Yukarıdaki uyuşmazlık konuları, miras avukatının uzmanlığının önemini ortaya koyar. Bu davalar teknik ayrıntılar içerir; örneğin muris muvazaasında uzun yıllar öncesinin olaylarını ispatlamak gerekirken, tenkis davasında karmaşık hesaplamalar yapmak gerekebilir. Miras avukatı, müvekkili lehine strateji geliştirir, delilleri toplar ve yargı makamları önünde haklarını savunur.

Miras Hukukunda Vergisel Yükümlülükler (Veraset ve İntikal Vergisi)

Miras yolu ile mal edinimi, vergi hukukunda Veraset ve İntikal Vergisi’ne tabidir.
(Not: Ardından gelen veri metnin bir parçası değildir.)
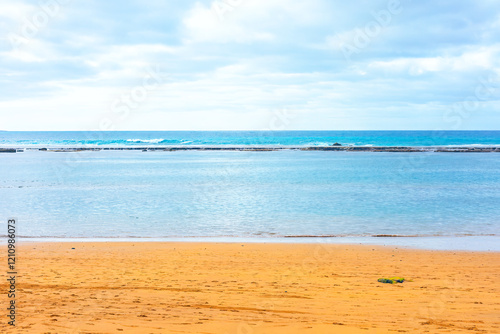 Obraz na płótnie Serene beach scene with golden sand, calm turquoise waters, and gentle waves under a cloudy sky, evoking a tranquil and peaceful coastal atmosphere, perfect for relaxation and nature-themed visuals w salonie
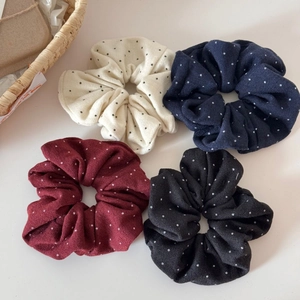 Dettaglio di quattro elastici per capelli a pois in crema, blu, rosso e nero elegante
Türkiye’de miras kalan malvarlıkları için mirasçılar, belirli istisna tutarlarını aşan kısmı üzerinden devlete veraset vergisi öderler. Bu vergi, mirasçıların elde ettiği servet artışına yönelik bir mali yükümlülüktür ve mirasın intikal ettiği anda doğar.

Güncel olarak, çocuklar, torunlar ve eş gibi yakın mirasçılar için yüksek tutarda istisna miktarları uygulanmaktadır. Örneğin 2025 yılı için evlatlıklar dahil füruğ (altsoy) ve eşten her birine isabet eden miras payının 2.316.628 TL’lik kısmı vergiden istisnadır . Eğer mirasbırakanın çocuğu yoksa ve mirasın tamamı eşe kalmışsa, eş için istisna tutarı daha yüksek olup 2025’te 4.636.103 TL olarak belirlenmiştir . Bu tutarları aşan miras hisseleri için kademeli vergi tarifesi uygulanır.

Veraset ve İntikal Vergisi oranları, artan oranlı bir yapıya sahiptir. 2025 itibariyle örnek vermek gerekirse, veraset yoluyla intikallerde ilk 2.400.000 TL için vergi oranı %1, sonraki dilimler için %3, %5, %7 ve en üst dilimde 44.100.000 TL’yi aşan kısım için %10 olarak belirlenmiştir . İvazsız intikallerde (hibe, hediye vb.) ise oranlar biraz daha yüksektir (ilk dilim %10’dan başlayıp en üst dilimde %30’a kadar çıkmaktadır) . Bu oranlar ve dilimler, her yıl yeniden değerleme oranına göre güncellenir.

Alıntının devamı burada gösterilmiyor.